アラビア語資料 長沢栄治(東京大学、在学術振興会カイロ研究連絡センター)の協力により政治・経済研究の基礎となる次の雑誌資料7点を購入した。『社会問題雑誌』(1940-46、20巻)『フスール』(1980-88、27巻)『カイロ』(1985-97、55巻)『作家』(1961-80、63巻)『法判決』(1985-97、12巻)、『ヒラール』(1951-98、146巻)および『民衆文化』(1965-96、52巻)。

トルコ語資料 高松洋一(研究協力者)の協力により、地方史、会議録、教育、経済、トルコ国内の少数民族の歴史資料を中心に、558点610冊を収集した。『オスマン朝メドレセにおける教育』(マフメット・ギュル著)、『オスマン朝ヨーロッパ金融資本』(ハイダル・カズガン著)、『イスタンブール農業史』(アフメット・タバックオウル他編)など。

ペルシア語資料 教育、宗教、政治、経済、芸術など諸分野の雑誌19点216冊を収集。
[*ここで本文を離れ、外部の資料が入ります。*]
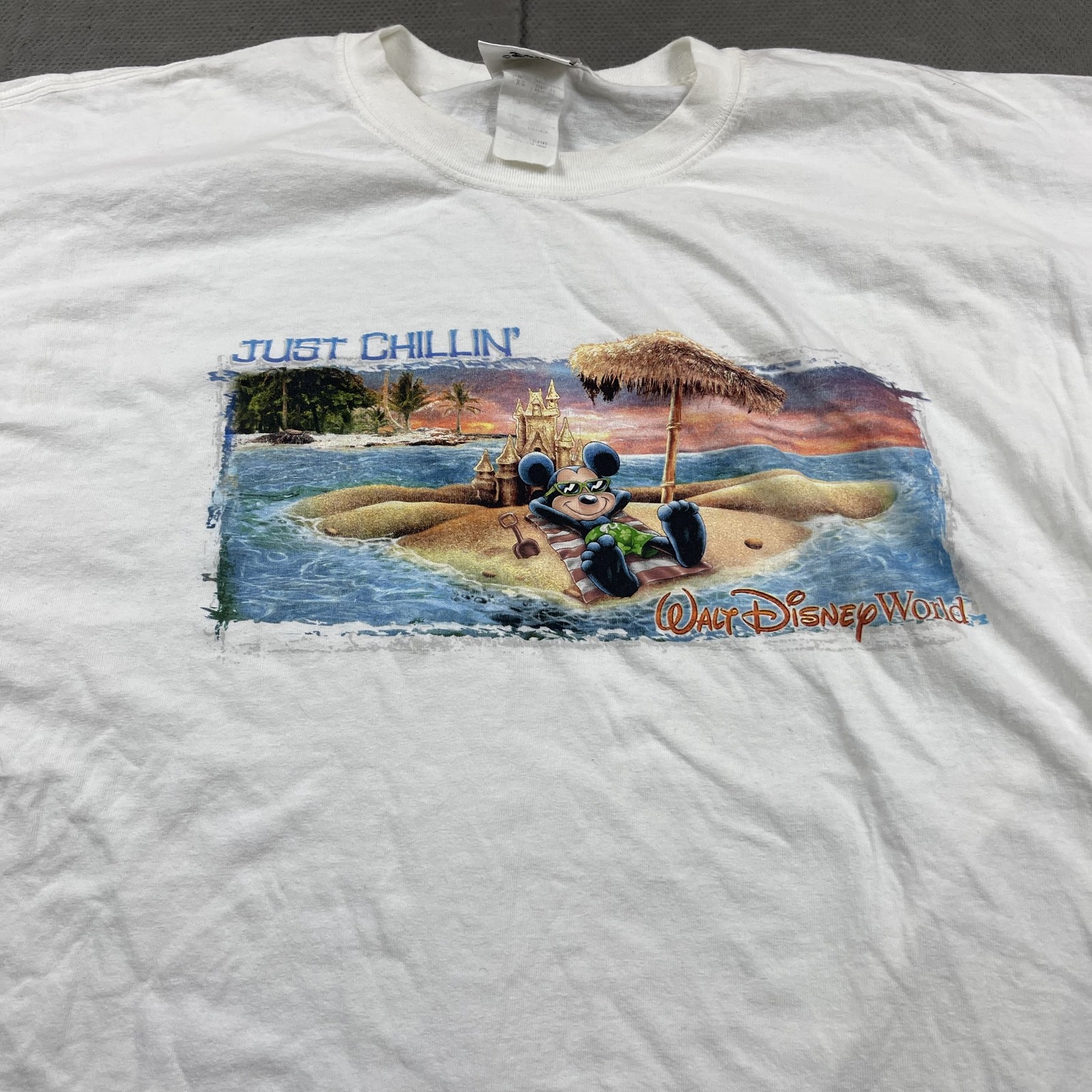 Vintage Disney Shirt Mens Extra Large White Just Chillin Mickey Mouse Tee 90s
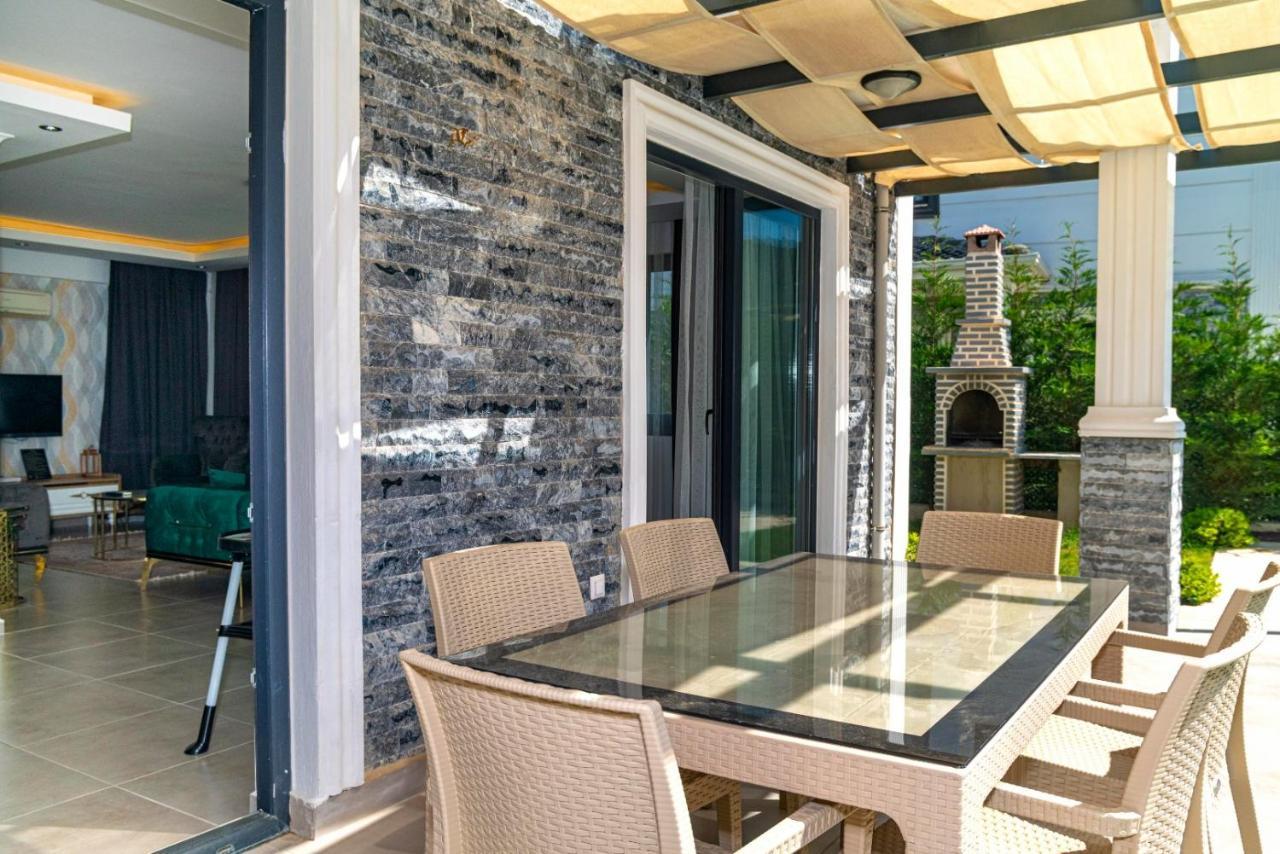 4 Bedroom Holiday Villa in Hisarönü Ölüdeniz- Hisar 4 Fethiye Exterior foto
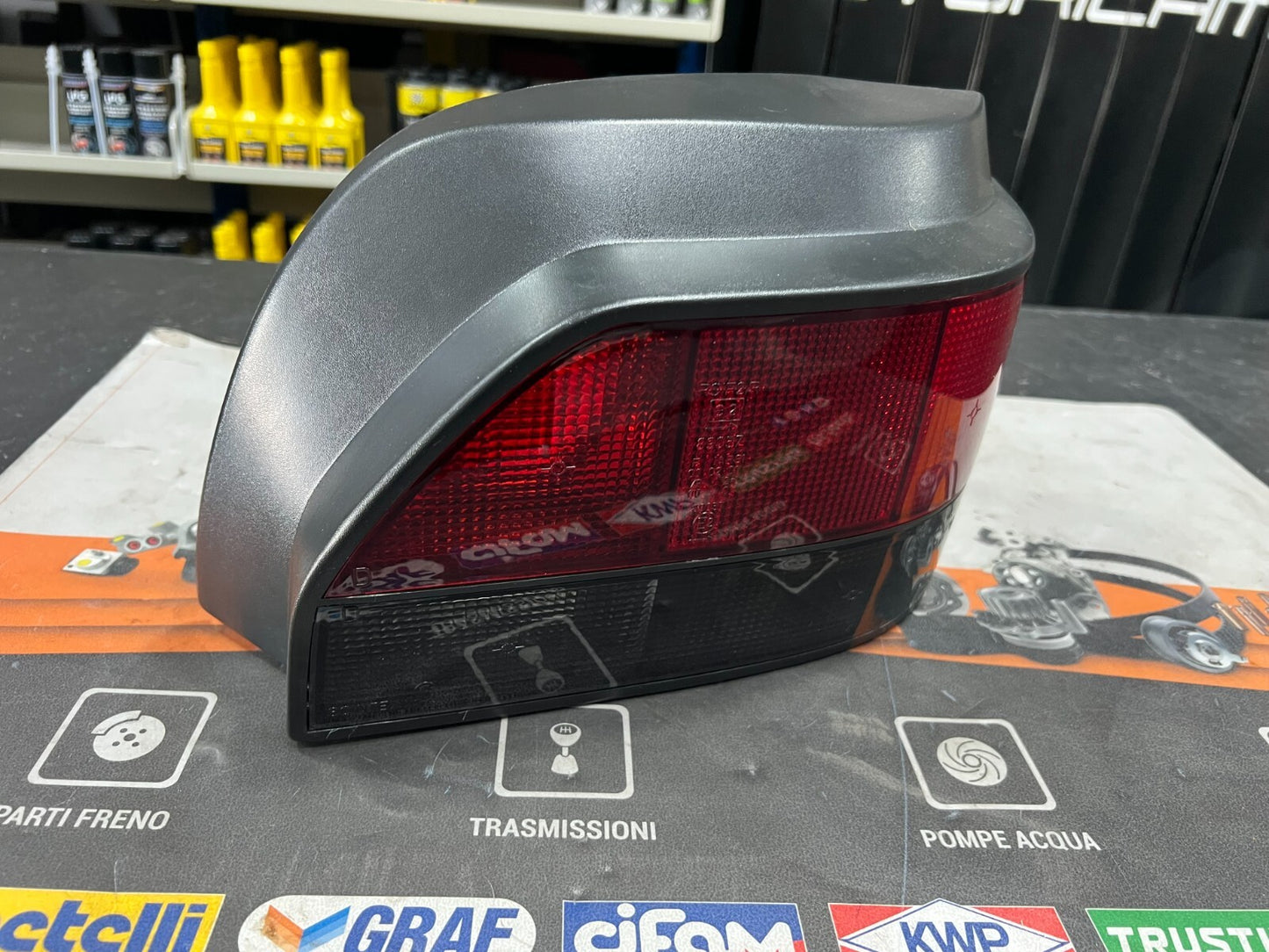 25.7.18.01 FARO FANALE STOP POSTERIORE DESTRO ORIGINALE RENAULT CLIO DA 90 A 94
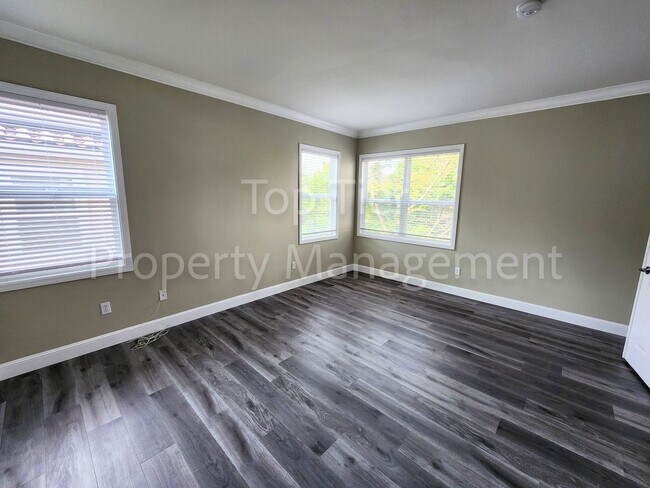 Building Photo - Stunning Newly Remodeled 4 bed / 2.5 bath ...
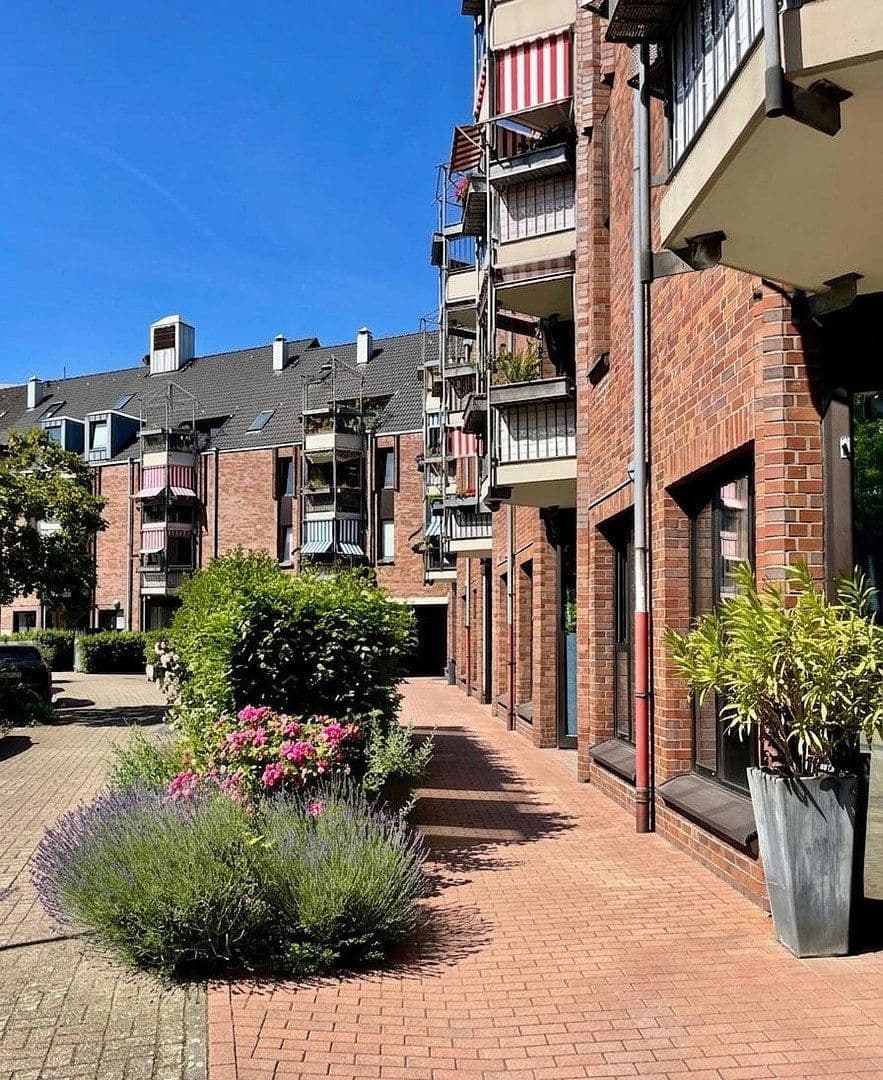 Prodej bytu 2+1 50 m², Düsseldorf, Severní Porýní-Vestfálsko Prodej bytu 2+1 50 m², Düsseldorf, Severní Porýní-Vestfálsko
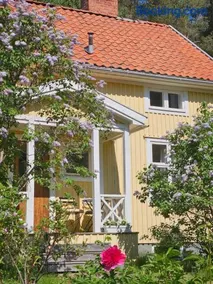 Spacious guesthouse - Image 1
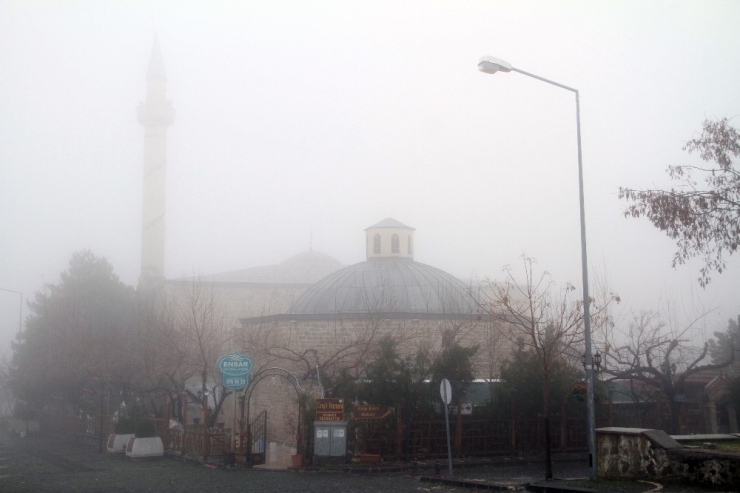 Tarihi Harput Mahallesi’nde Sis Etkili Oldu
パフラヴィー朝時代に刊行された『アームーゼシュ・ヴァ・パルヴァレシュ』『エッテラーアーテ・マーハーネ』、『ネギーン』、第二次世界大戦中(1941-45)にロンドンで出版された『ルーズギャーレ・ノウ』。革命後の新聞(月刊)『ケイハーネ・ファルハンギー』(1984-97、1-14号)など。

東南アジア資料 東南アジアのイスラーム世界、すなわちマレー世界に関する基礎文献を、西尾寛治(サバ・マレーシア大学講師)の協力によって収集した。『イスラーム百科事典』(7巻)、『イスラーム百科』(6巻)、『マレーシア百科事典』(17巻)などの事典類、『ムハンマド伝』(10巻 )、『コーラン訳』(11巻)、『コーラン注釈』(3巻)などの宗教書、聖者伝、年代記など計346点を収集した。

 

[99年度新着資料]

アラビア語資料 私市正年氏(第2班)および、大稔哲也氏(九州大学)の協力をえて、今年度は、モロッコとエジプトから単行本375点460冊、雑誌6点173冊を購入した。数点をあげると;マクリージー『諸王朝の知識の旅』ベイルート、1997、全6巻。アル・ムスタファ・グマーヒリ『命の樹 小説』カサブランカ、1998。アリー・ホスニ『憲法と政治学』マラケシュ、1998。ムスタファ・アッスバーイ『東洋学と東洋学者,正と負の遺産』カイロ、1998。ムハンマド・クトゥブ『コーラン研究』ベイルート、1993など。

ペルシア語資料 東洋文庫研究員八尾師誠氏の協力をえて、単行本382点467冊、雑誌67点164冊を購入した。数点をあげると;エズトッラー・ネギャフバーン『イラン考古学の50年』、メフターフ・エルハーメ『バルフ地方とオクセス河地方の歴史地理』、アブドッラー・アンヴァール『世界征服者ナーデル・シャー』、雑誌『ファスルナーメ?イェ・テアートル』(1ー16号、1988-1992)、雑誌『カーヴェ』(1ー70号、1963-1978)など。

トルコ語資料 6班研究協力者高松洋一氏の協力をえて単行本410点458冊、雑誌5点51冊を購入した。数点をあげると;ベトゥル・オズチェレビ『共和国時代の文学批評』(全2巻)、トゥルグト・アクプナル『トルコ人の宗教と法の歴史』、ネシェ・イェシルカヤ『人民の家ーその立役者とイデオロジー』、メフメト・カラ『トゥルクメン語』、メファーイル・フズル『オスマン朝時代のブルサのマドラサ』など。